CASA FARNSWORTH. La obra de Mies, emblemática representación del "menos es más". |
No todo “menos” es el “más” adecuado. Un diseño minimalista debe reducirse y redefinirse de forma gradual a sus causas y efectos esenciales y a veces sorprendentes, así como Miguel Angel descubrió un David inmanente en el interior de un bloque de piedra que nada decía. Lo demás es decoración, engaño y distracción. Como algunas reducciones son incisivas, tanto en el plano figurado como en el literal, todo recorte puede parecer sabio: el arte austero es un arte inteligente. Es una arquitectura de orden revelado, filtro selectivo y reconocimiento de patrones.
La austeridad estética resultante exige y recompensa nuestra inclinación a observar y pensar: si se mira lo suficiente la Casa Farnsworth (1950, foto) de vidrio de Mies, se advierte que en cada superficie simple y etérea están cristalizadas las estructuras de toda buena casa que se haya hecho. Es un sueño riguroso y sereno de confort y claridad, refugio y perspectiva. Por lo menos en teoría.
En arquitectura, ese tipo de teoría se remonta como mínimo al modernista austríaco Adolf Loos y su ensayo “Ornamento y delito”, de 1908, en el que no dice exactamente que lo primero es lo segundo, pero observa que, “Si quiero comer pan de jengibre, elegiré uno que sea absolutamente simple”. Para él, “de esa forma tiene mejor sabor.” Cuando la arquitectura simple que proponía Loos se convirtió en un gusto cada vez más impuesto, resultó fácil vincular esa austeridad estética con el rigor de las nuevas crisis políticas y económicas, lo que llevó a los editores de The Architect y Building News a comentar en 1931 que “sin duda esta etapa de austeridad terminará por pasar”, pero “algo de la impronta de esa sensación de contención estética persistirá porque concuerda con toda época de preocupación, como la actual, por problemas muy graves que exigen una firme sobriedad de pensamiento y acción.” Esa austeridad, sin embargo, es tan glamorosa como solemne. Como categoría estética, es de una extraña pretensión. Puede convertirse en lujo, hasta en exceso. La diferencia entre un espacio minimalista y un ambiente poco amoblado es la libertad de elección.
El minimalismo actual hace pensar en una vida de holgura tan intangible que trasciende el confort prosaico de la abundancia visible. Hace casi una virtud ética de una práctica estética de rechazo (que tal vez se extienda, de manera desconcertante, a las ideas de la estética corporal por las que se asocia la obesidad con la pobreza y ser muy rico equivale a ser muy flaco). Si bien Mies y sus contemporáneos introdujeron su arquitectura de techos planos, paredes blancas y estructura mínima en el contexto de viviendas públicas estándar, la perfeccionaron en retiros lujosos como la Casa Farnsworth.

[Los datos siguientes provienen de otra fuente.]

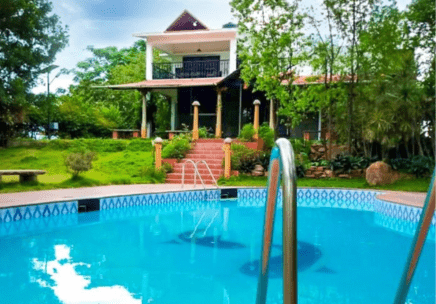 Luxurious stay at resort:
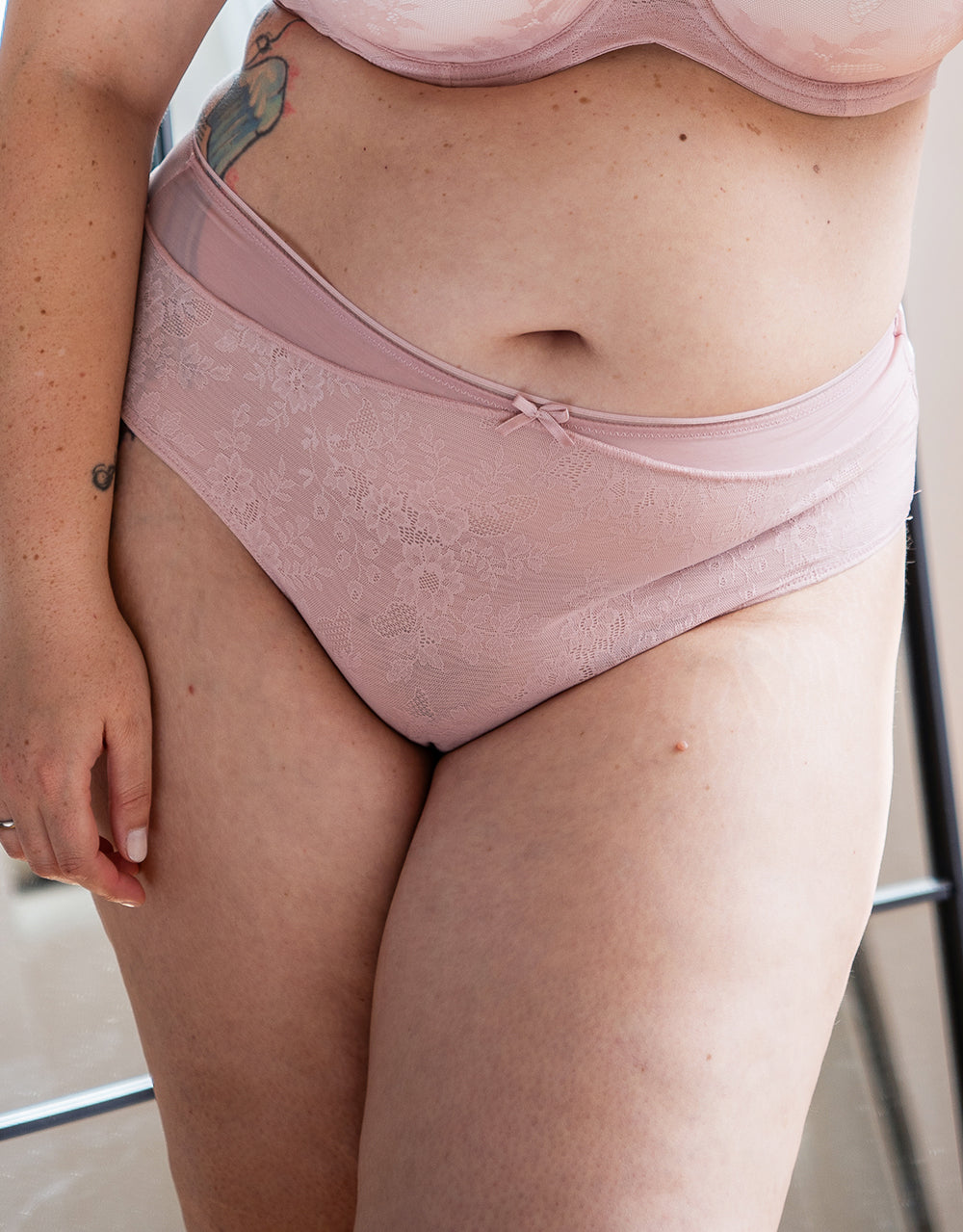 High-Panty True Lace Rose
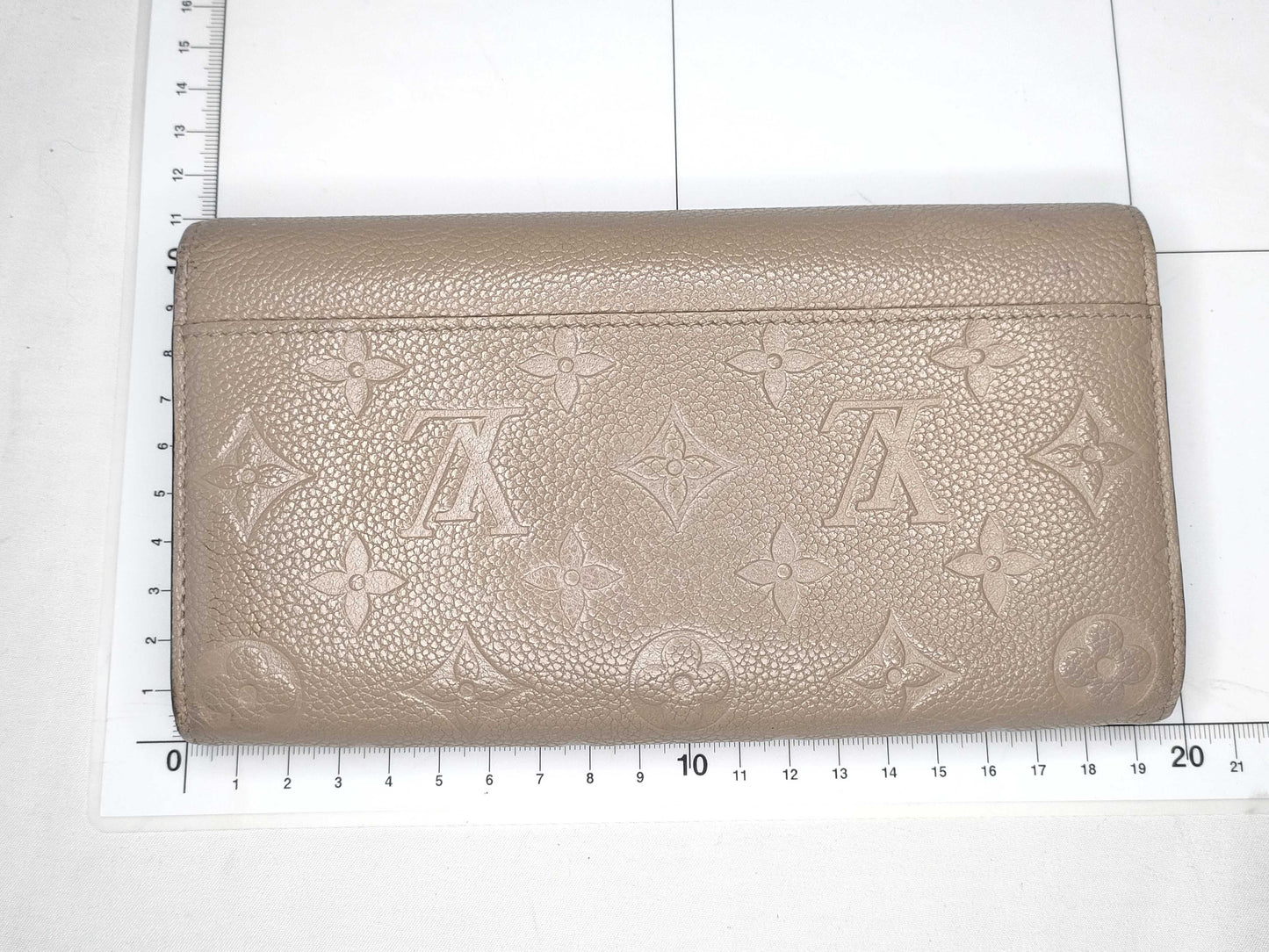 LOUIS VUITTON Monogram Ampplant Vuitton Sara Monogram Unplant M68708 CA4189 Wallet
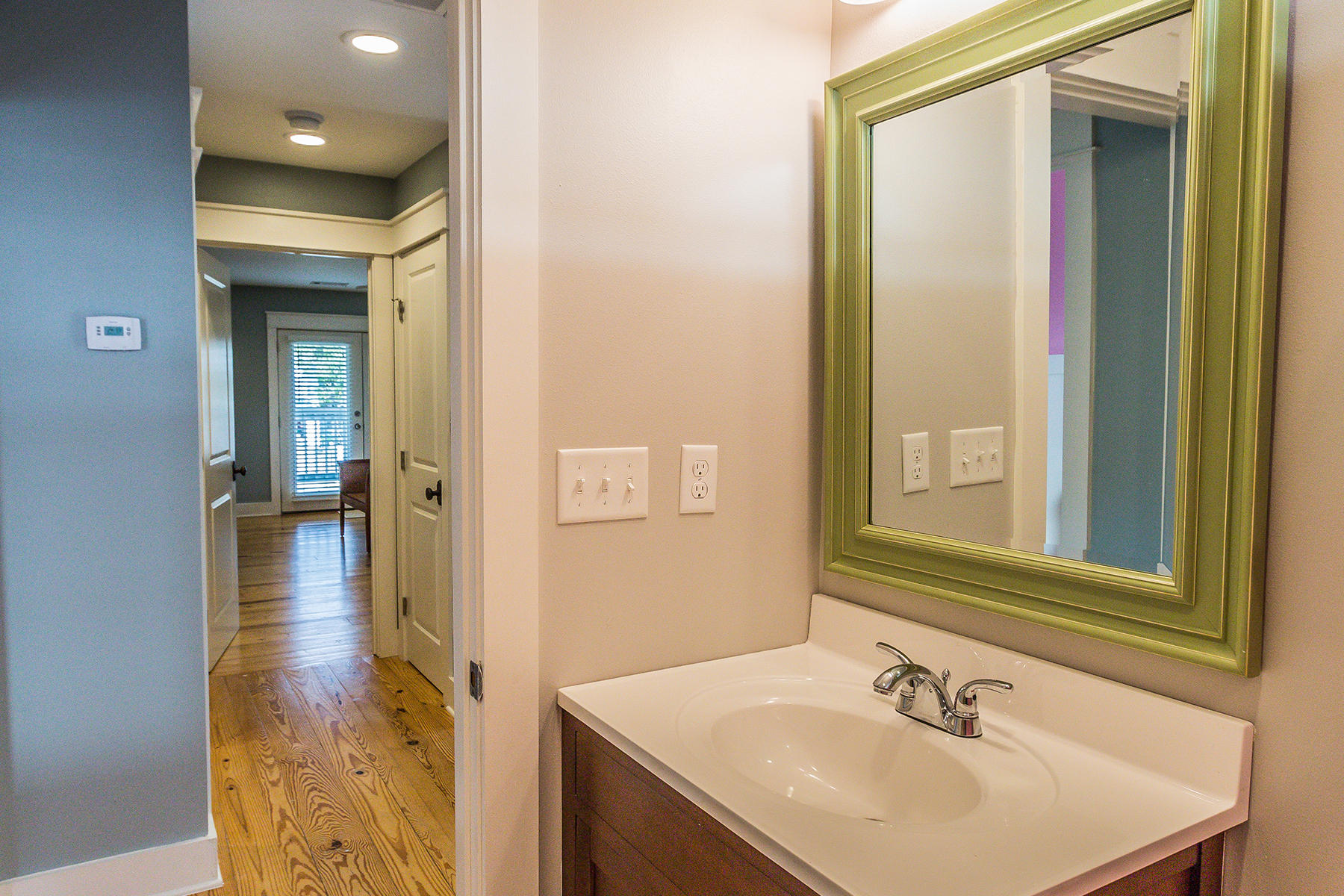 HOLIDAY SHORES ESTATES - Residential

El arquitecto minimalista más celebrado de nuestros días, John Pawson, cuenta entre sus clientes tanto a monjes muy pobres como al diseñador Calvin Klein, quien se especializa en permitirnos pagar mucho más por el adecuado mucho menos. El trabajo de Pawson es bello y amable. Nos da espacio para respirar. Sin embargo, depende de engaños elegantes.
Una construcción de pocos detalles parecería ser una construcción de pocos secretos. Pero la austeridad en arquitectura supone una transparencia visual y funcional que no proporciona en absoluto. Toda construcción aparentemente sin costuras está llena de uniones y articulaciones complejas, arreglos y retoques que hacen que mil partes se perciban como un todo indivisible, escultural y monolítico. Para lograr que parezca que nos hemos despojado de todo, hay que incorporar todo de forma subrepticia. Lo que parece espartano suele ser de un barroquismo invisible.
En la arquitectura actual, en la que por lo general la mano de obra es cara y los materiales son baratos, hay una tendencia a superponer cosas hasta que todo quede alineado o parezca terminado, ya sea que la forma resultante constituya algo que califiquemos de minimalista, de colonial o de algo a medio camino entre ambos.
Basta con considerar el zócalo que suele ocultar el espacio irregular entre una pared y el extremo de un piso. Hace poco tuve la brillante idea de eliminar ese zócalo y privilegiar un espacio lineal simple y bello, que se vería muy bien si el resto de la carpintería de la casa tuviera una alineación perfecta. El contratista me lanzó esa larga mirada que combina desprecio y compasión y significa: “Sí, eso va a tener su costo.” Tanto en arquitectura como en la vida quienes explotan, conscientemente o no, la estética de la austeridad como vía de encuadrar un debate sobre ética pública, también pueden llegar a descubrir que tiene un costo inesperado.